SUPPLIED INFORMATION
= Beginning of Section =
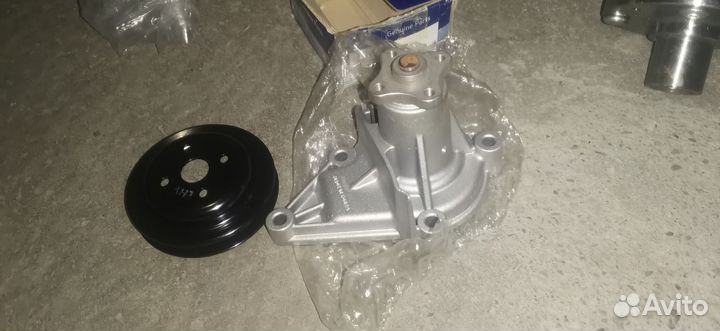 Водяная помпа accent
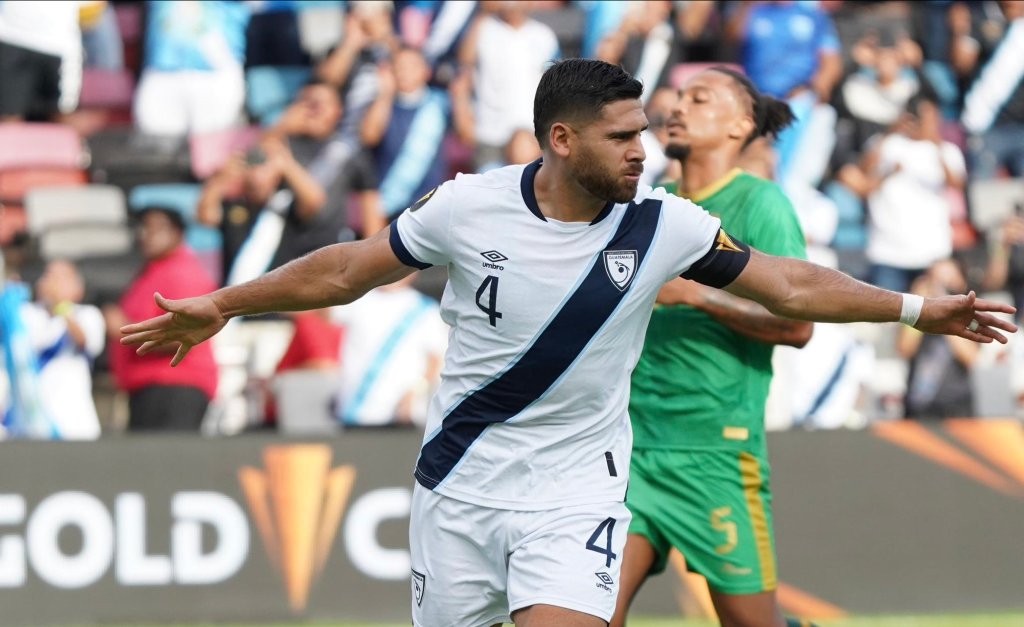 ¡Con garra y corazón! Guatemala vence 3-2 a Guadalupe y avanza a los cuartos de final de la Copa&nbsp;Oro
= End of Section =
= Beginning of Section =
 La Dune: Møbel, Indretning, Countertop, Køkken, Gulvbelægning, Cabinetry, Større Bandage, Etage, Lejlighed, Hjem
= End of Section =
TASK DETAILS
Write out exactly the lines above between the one with "Водяная помпа accent" and the one with "de la Copa&nbsp;Oro", inclusive, with pictures left out.

ANSWER BOX
 Водяная помпа accent
 ¡Con garra y corazón! Guatemala vence 3-2 a Guadalupe y avanza a los cuartos de final de la Copa&nbsp;Oro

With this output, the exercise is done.